Mais cette élite n’est pas monolithique ; une élite aspirante (un « précariat certifié ») la seconde. Elle n’a pas réussi jusqu’à présent à atteindre le sommet et s’est définie idéologiquement en opposition à l’immigration, à la mondialisation et à l’idéologie « woke ». Turchin affirme que cette élite aspirante est en train de prendre le contrôle du parti républicain et de créer ainsi un outil politique pour une compétition intra-élite efficace. Cette situation est évidemment mal ressentie par l’élite dirigeante qui a connu une période faste entre 1980 et 2008, lorsque sa vision du monde (capitalisme néolibéral et politique identitaire) a été adoptée par les deux partis dominants. Pour Turchin, la lutte politique actuelle aux États-Unis voit la classe dirigeante tenter désespérément de repousser l’assaut de son idéologie et, plus important encore, de sa position économique, par une élite aspirante qui s’assure le soutien de la classe moyenne mécontente.
Il s’agit d’une bataille aux proportions épiques. De nombreux signes prérévolutionnaires sont présents : système politique dysfonctionnel, fortes divisions entre les partis et manque de représentation politique pour les outsiders. Turchin cite avec louange les travaux empiriques d’Amory Gethin, de Clara Martinez Toledano et de Thomas Piketty, selon lesquels, dans toutes les démocraties occidentales, les partis de gauche ou sociaux-démocrates sont devenus les partis des élites éduquées et diplômées, tandis que les classes moyennes et laborieuses ont perdu leur influence et même leur représentation.
Turchin est néanmoins agnostique quant à l’issue de la crise politique américaine. Le système politique américain s’est montré extraordinairement flexible et capable de résister à des chocs importants. D’une certaine manière, on pourrait même penser que les diverses « subversions » conscientes et inconscientes de Trump ont précisément tourné à l’avantage du système, car elles ont montré sa résilience, même lorsque le président a tenté de le renverser. Mais d’un autre côté, l’incompréhension profonde et le manque d’intérêt pour le point de vue de l’autre partie est précisément l’une des caractéristiques des périodes prérévolutionnaires, et les États-Unis en ont de nombreuses preuves.
Le modèle de Turchin s’applique sans doute aussi bien à la Chine (qui n’est pas abordée dans le livre) qu’à l’Amérique.
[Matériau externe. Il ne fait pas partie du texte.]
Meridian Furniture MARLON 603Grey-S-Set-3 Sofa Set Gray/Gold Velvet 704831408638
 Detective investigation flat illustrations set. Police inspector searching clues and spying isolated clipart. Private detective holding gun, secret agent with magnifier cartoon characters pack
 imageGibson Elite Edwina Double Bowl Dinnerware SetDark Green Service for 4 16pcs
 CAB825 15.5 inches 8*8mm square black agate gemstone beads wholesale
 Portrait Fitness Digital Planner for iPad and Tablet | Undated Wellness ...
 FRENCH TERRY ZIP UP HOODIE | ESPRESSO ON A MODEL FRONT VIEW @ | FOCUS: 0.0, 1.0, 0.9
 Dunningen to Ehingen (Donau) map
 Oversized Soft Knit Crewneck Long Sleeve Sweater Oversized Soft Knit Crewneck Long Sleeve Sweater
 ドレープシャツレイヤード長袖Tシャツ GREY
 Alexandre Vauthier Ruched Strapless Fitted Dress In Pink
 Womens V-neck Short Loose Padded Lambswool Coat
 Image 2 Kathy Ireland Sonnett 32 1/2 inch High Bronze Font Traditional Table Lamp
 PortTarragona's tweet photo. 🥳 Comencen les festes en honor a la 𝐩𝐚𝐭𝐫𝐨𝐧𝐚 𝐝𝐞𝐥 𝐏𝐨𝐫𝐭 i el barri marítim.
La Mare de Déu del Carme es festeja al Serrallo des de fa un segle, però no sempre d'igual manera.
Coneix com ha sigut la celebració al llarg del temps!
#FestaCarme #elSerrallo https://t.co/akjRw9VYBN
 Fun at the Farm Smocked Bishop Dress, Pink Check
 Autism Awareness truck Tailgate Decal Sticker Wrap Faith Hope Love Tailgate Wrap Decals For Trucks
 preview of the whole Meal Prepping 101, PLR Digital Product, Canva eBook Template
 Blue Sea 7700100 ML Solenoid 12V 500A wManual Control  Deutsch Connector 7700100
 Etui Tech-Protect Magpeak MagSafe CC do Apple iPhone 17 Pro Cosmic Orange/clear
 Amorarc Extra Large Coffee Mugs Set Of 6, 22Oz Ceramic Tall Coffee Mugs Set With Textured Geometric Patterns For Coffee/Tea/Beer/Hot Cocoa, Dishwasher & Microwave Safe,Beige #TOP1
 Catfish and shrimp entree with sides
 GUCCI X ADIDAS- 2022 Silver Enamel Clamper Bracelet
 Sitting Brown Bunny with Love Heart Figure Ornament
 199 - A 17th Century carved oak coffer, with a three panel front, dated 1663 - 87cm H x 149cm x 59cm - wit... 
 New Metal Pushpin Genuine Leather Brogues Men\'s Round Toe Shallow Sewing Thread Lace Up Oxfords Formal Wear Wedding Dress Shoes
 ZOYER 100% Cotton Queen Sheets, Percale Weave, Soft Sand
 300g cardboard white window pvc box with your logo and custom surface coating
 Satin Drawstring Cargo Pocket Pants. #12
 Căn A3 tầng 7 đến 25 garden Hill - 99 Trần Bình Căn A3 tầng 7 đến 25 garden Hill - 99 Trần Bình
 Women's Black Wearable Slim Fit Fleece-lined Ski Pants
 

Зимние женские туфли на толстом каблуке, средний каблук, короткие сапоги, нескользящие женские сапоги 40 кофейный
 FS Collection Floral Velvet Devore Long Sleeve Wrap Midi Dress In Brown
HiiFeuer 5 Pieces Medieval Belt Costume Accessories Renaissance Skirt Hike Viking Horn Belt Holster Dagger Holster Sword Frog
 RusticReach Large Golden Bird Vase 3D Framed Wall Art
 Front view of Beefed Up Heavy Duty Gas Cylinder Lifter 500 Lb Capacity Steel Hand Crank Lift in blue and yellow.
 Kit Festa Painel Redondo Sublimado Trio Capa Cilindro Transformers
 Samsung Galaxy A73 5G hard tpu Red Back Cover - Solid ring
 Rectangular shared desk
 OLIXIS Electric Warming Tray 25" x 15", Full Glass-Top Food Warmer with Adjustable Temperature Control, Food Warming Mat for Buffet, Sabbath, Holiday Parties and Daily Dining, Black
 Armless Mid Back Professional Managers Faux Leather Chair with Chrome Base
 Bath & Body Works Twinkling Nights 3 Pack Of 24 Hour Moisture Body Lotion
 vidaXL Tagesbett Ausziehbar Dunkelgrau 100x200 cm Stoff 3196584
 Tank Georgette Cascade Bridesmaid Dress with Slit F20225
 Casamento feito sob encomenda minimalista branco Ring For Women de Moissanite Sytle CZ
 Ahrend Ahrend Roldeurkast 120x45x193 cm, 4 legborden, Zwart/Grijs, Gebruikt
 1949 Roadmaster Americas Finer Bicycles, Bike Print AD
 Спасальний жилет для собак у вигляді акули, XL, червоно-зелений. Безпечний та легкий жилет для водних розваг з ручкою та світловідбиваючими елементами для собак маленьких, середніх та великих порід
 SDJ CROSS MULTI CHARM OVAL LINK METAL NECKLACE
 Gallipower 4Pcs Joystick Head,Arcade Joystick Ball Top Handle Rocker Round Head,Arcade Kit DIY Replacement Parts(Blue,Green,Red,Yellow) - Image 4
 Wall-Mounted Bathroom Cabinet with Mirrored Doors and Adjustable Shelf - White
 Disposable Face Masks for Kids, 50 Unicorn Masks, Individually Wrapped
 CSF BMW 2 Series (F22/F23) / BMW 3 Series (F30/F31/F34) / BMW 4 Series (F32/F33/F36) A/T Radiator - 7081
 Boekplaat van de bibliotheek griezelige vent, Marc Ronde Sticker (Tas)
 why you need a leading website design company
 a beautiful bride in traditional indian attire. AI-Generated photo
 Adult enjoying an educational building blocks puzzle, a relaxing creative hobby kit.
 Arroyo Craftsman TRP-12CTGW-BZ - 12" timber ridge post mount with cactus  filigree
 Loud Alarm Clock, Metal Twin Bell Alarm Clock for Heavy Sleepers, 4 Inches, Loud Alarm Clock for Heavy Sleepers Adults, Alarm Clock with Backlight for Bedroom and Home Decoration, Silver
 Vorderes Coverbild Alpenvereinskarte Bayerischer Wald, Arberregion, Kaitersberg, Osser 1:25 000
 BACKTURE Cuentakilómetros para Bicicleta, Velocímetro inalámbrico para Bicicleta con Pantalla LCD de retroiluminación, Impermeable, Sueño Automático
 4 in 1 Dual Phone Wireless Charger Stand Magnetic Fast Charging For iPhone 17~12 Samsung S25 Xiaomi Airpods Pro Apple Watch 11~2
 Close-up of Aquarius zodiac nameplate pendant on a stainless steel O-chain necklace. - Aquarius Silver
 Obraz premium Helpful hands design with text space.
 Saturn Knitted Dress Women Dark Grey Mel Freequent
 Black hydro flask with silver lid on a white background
L’appauvrissement relatif de la classe moyenne s’est poursuivi au cours des quarante dernières années ; certes, il est moins perceptible qu’aux États-Unis, étant donné l’augmentation phénoménale de son bien-être matériel ; enfin, à l’extrémité supérieure de la distribution, la classe politico-administrative qui a historiquement gouverné la Chine s’oppose encore très prudemment à la classe montante des capitalistes et des marchands. Dans un article avec Yang, Novokmet, nous avons documenté et analysé le changement le plus radical que l’élite ait connu, entre 1988 et 2013 : la croissance économique a déplacé la classe administrative au profit de celle liée au secteur privé.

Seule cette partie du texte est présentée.